Furthermore, the optimal cut-off value of the nomogram scores was determined to be 75.25. The specificity, sensitivity, negative predictive value, and positive predictive value when used in differentiating neurosyphilis were 81%, 71%, 83%, and 67% in the training cohort and 77%, 70%, 81%, and 64% in the validation cohort, respectively (Table 5).

Discussion

Early diagnosis and timely treatment of neurosyphilis are crucial to preventing irreversible damage to the central nervous system (CNS) [Reference Ropper5]. The clinical spectrum of neurosyphilis in China differs significantly from that in Western countries, where neurological or psychiatric symptoms are the primary indications for performing an LP in syphilis patients [Reference Du18]. It is important to note that benzathine penicillin cannot penetrate the blood–brain barrier (BBB) [Reference Goldmeier and Hay19] and symptomatic neurosyphilis can occur even in patients who have received appropriate treatment and have shown a good response [Reference Zhou20]. In China, the guidelines recommend performing an LP for syphilis patients beyond those presenting with neurological or psychiatric symptoms. This approach highlights the need to consider neurosyphilis in a broader range of cases to ensure early detection and appropriate management.

The presence of neurological and psychiatric symptoms in patients with syphilis indicates damage to the CNS and is strongly associated with neurosyphilis [Reference Lu9, Reference Shiva21]. The observations of our study, which involved a large sample size of 9,504 syphilis patients, reinforce the importance of considering neurosyphilis as a potential cause in patients presenting with neuropsychiatric symptoms without other known causes.

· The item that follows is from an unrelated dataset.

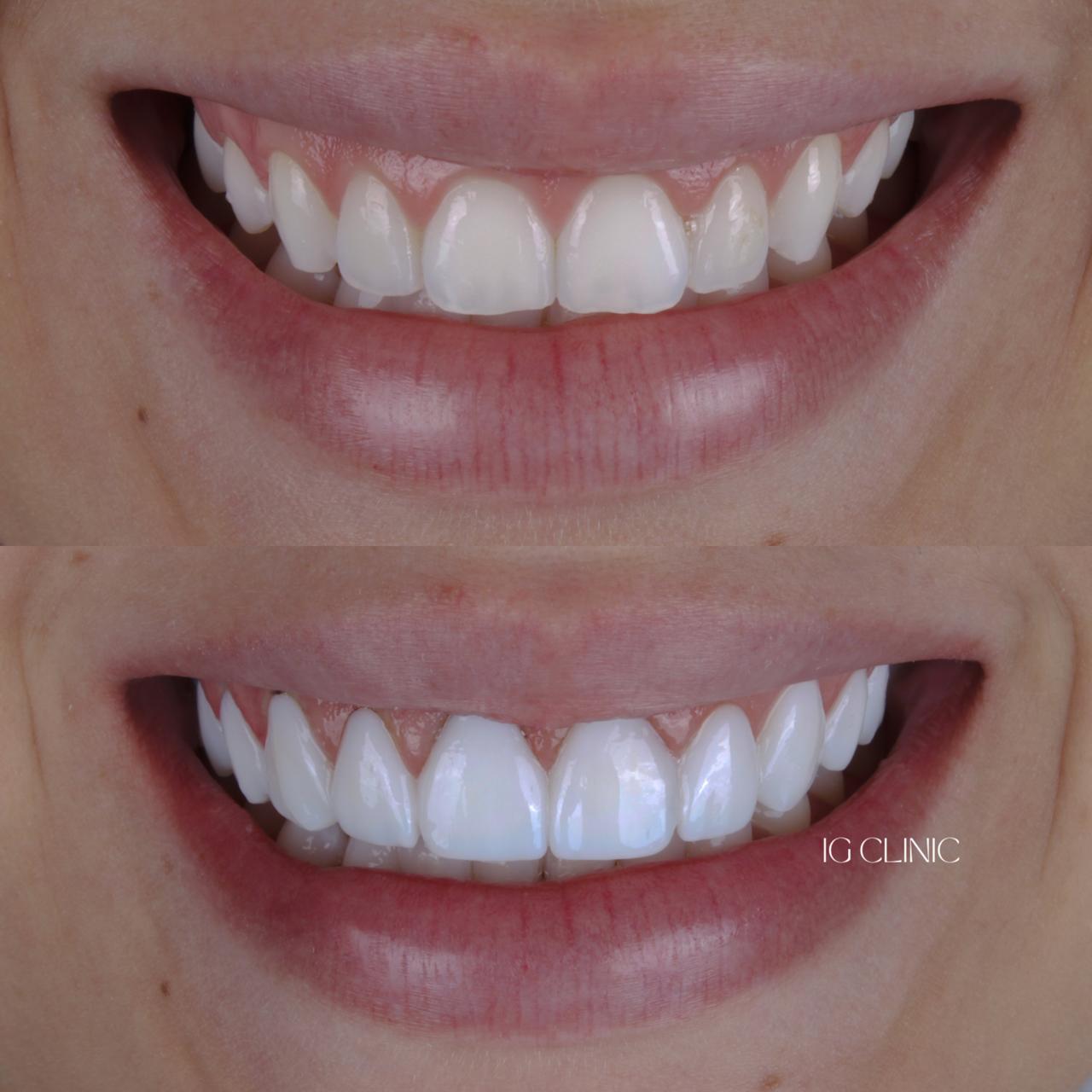 Lentes de resina IG CLINIC - sorriso perfeito e harmonioso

This highlights the need for clinicians to have a high index of suspicion for neurosyphilis in such cases to ensure timely diagnosis and appropriate management.

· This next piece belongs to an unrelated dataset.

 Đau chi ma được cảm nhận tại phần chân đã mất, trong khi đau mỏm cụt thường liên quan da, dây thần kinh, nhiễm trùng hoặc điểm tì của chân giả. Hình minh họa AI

An interesting finding in this study is that mucous lesions can predict the risk of neurosyphilis. Our recently published study found that T. pallidum can enter the bloodstream first after infection and then spread to the mouth and be preserved in saliva. The detection of T. pallidum DNA in saliva at any stage of syphilis and a higher detection rate compared to plasma suggest the potential involvement of the oral mucosa as a reservoir for T. pallidum [Reference Wang22]. This significant value of mucous lesions occurring in the larynx and the nose in predicting the risk of neurosyphilis may be explained by this phenomenon.

The novel finding that a history of infection with other STDs can predict neurosyphilis has not been reported previously. The potential increased risk of neurosyphilis associated with STDs can be speculated based on several factors. Firstly, STDs may disrupt the normal epithelial barrier of genital organs, leading to increased shedding of T. pallidum in the genital tract, similar to how STDs enhance susceptibility to HIV [Reference Plummer and Furner23]. Secondly, STDs may alter the cytokine milieu, potentially increasing the plasma concentration of T. pallidum, which could contribute to a more rapid progression of neurosyphilis [Reference Plummer24]. Moreover, the impact of pathogens on human immunity can lead to the destruction of immune cells and impair the defence function of the immune system. Pathogens may have specific pathological mechanisms that allow them to evade the autophagy-killing effect of the host cell [Reference Kim25Reference Lussignol28].

Moreover, a wealth of research has consistently demonstrated that male patients who are older and have higher serum RPR levels during certain stages of syphilis are at a greater risk of developing neurosyphilis [Reference Shi10, Reference Li11, Reference Landry29]. These findings align with the results of our study. Additionally, recent smaller studies have indicated a positive association between diabetes and neurosyphilis [Reference Yang30, Reference Brain and Wilkinson31]. Notably, our study confirms these findings and offers a plausible explanation: diabetes may contribute to dysfunction of the BBB [Reference Brook32].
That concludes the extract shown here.